For a theoretical understanding of Gradient Descent visit here. This page walks you through implementing gradient descent for a simple linear regression. Later, we also simulate a number of parameters, solve using GD and visualize the results in a 3D mesh to understand this process better.

Load the data

In [1]:
import pandas as pd
import plotly_express as px
import numpy as np
import matplotlib.pyplot as plt
import os
from mpl_toolkits import mplot3d

from plotly.offline import download_plotlyjs, init_notebook_mode
from plotly.offline import plot, iplot
In [13]:
#set notebook mode
init_notebook_mode(connected=True)
In [2]:
path='/Users/atma6951/Documents/code/pychakras/pyChakras/ml/coursera-ml-matlabonline/machine-learning-ex/ex1'
data_df = pd.read_csv(os.path.join(path, 'ex1data1.txt'), header=None, names=['X','y'])
data_df.head()
Out[2]:
X y
0 6.1101 17.5920
1 5.5277 9.1302
2 8.5186 13.6620
3 7.0032 11.8540
4 5.8598 6.8233
In [3]:
data_df.shape
Out[3]:
(97, 2)
In [4]:
n_rows = data_df.shape[0]
In [5]:
X=data_df['X'].to_numpy().reshape(n_rows,1)
# Represent x_0 as a vector of 1s for vector computation
ones = np.ones((n_rows,1))
X = np.concatenate((ones, X), axis=1)
y=data_df['y'].to_numpy().reshape(n_rows,1)
In [6]:
X.shape, y.shape
Out[6]:
((97, 2), (97, 1))

Plot the dataset

In [7]:
plt.scatter(x=data_df['X'], y=data_df['y'])
plt.xlabel('X'); plt.ylabel('y');
plt.title('Input dataset');

Create a cost function

Here we will compute the cost function and code that into a Python function.
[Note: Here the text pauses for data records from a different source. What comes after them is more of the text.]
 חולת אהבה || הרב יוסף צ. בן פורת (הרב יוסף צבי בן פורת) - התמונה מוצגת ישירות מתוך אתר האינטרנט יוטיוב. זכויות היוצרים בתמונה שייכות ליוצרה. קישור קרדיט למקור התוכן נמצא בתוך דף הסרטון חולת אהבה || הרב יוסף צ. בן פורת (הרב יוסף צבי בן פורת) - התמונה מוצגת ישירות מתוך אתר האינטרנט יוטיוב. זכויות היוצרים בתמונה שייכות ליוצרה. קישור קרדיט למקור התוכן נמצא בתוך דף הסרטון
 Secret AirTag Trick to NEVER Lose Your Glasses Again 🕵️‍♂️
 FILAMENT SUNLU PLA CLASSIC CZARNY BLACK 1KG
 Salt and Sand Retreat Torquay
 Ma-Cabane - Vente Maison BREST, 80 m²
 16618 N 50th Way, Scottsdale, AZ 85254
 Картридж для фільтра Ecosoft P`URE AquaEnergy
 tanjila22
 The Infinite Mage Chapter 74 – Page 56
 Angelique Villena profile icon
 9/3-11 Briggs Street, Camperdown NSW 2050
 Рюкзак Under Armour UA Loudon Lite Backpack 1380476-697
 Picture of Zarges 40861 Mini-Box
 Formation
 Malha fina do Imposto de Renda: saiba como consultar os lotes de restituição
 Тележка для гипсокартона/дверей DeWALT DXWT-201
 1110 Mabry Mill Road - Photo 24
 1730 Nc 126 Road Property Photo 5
Cost function is given by

$$ J(\theta_{0}, \theta_{1}) = \frac{1}{2m} \sum_{i=1}^{m} (h_{\theta}(x_{i}) - y_{i})^2 $$

where $h_{\theta}(x_{i}) = \theta^{T}X$

In [7]:
def compute_cost(X, y, theta=np.array([[0],[0]])):
    """Given covariate matrix X, the prediction results y and coefficients theta
    compute the loss"""
    
    m = len(y)
    J=0 # initialize loss to zero
    
    # reshape theta
    theta=theta.reshape(2,1)
    
    # calculate the hypothesis - y_hat
    h_x = np.dot(X,theta)
    
    # subtract y from y_hat, square and sum
    error_term = sum((h_x - y)**2)
    
    # divide by twice the number of samples - standard practice.
    loss = error_term/(2*m)
    
    return loss
In [8]:
compute_cost(X,y)
Out[8]:
array([32.07273388])

Solve using Gradient Descent

Using GD, we simultaneously solve for theta0 and theta1 using the formula: $$ repeat \; until \; convergence $$ $$ \theta_{0} := \theta_{0} - \alpha \frac{1}{m} \sum_{i=1}^{m} [(h_{\theta}(x_{i}) - y_{i})x^{(0)}_{i}] $$ $$ \theta_{1} := \theta_{1} - \alpha \frac{1}{m} \sum_{i=1}^{m} [(h_{theta}(x_{i}) - y_{i})x^{(1)}_{i}] $$

In [9]:
def gradient_descent(X, y, theta=np.array([[0],[0]]),
                    alpha=0.01, num_iterations=1500):
    """
    Solve for theta using Gradient Descent optimiztion technique. 
    Alpha is the learning rate
    """
    m = len(y)
    J_history = []
    theta0_history = []
    theta1_history = []
    theta = theta.reshape(2,1)
    
    for i in range(num_iterations):
        error = (np.dot(X, theta) - y)
        
        term0 = (alpha/m) * sum(error* X[:,0].reshape(m,1))
        term1 = (alpha/m) * sum(error* X[:,1].reshape(m,1))
        
        # update theta
        term_vector = np.array([[term0],[term1]])
#         print(term_vector)
        theta = theta - term_vector.reshape(2,1)
        
        # store history values
        theta0_history.append(theta[0].tolist()[0])
        theta1_history.append(theta[1].tolist()[0])
        J_history.append(compute_cost(X,y,theta).tolist()[0])
        
    return (theta, J_history, theta0_history, theta1_history)
In [10]:
%%time
num_iterations=1500
theta_init=np.array([[1],[1]])
alpha=0.01
theta, J_history, theta0_history, theta1_history = gradient_descent(X,y, theta_init,
                                                                   alpha, num_iterations)
CPU times: user 247 ms, sys: 2.52 ms, total: 250 ms
Wall time: 248 ms
In [11]:
theta
Out[11]:
array([[-3.57081935],
       [ 1.16038773]])

Plot Gradient Descent

We visualize the process of reducing the loss function using gradient descent in this graph

In [61]:
fig, ax1 = plt.subplots()

# plot thetas over time
color='tab:blue'
ax1.plot(theta0_history, label='$\\theta_{0}$', linestyle='--', color=color)
ax1.plot(theta1_history, label='$\\theta_{1}$', linestyle='-', color=color)
# ax1.legend()
ax1.set_xlabel('Iterations'); ax1.set_ylabel('$\\theta$', color=color);
ax1.tick_params(axis='y', labelcolor=color)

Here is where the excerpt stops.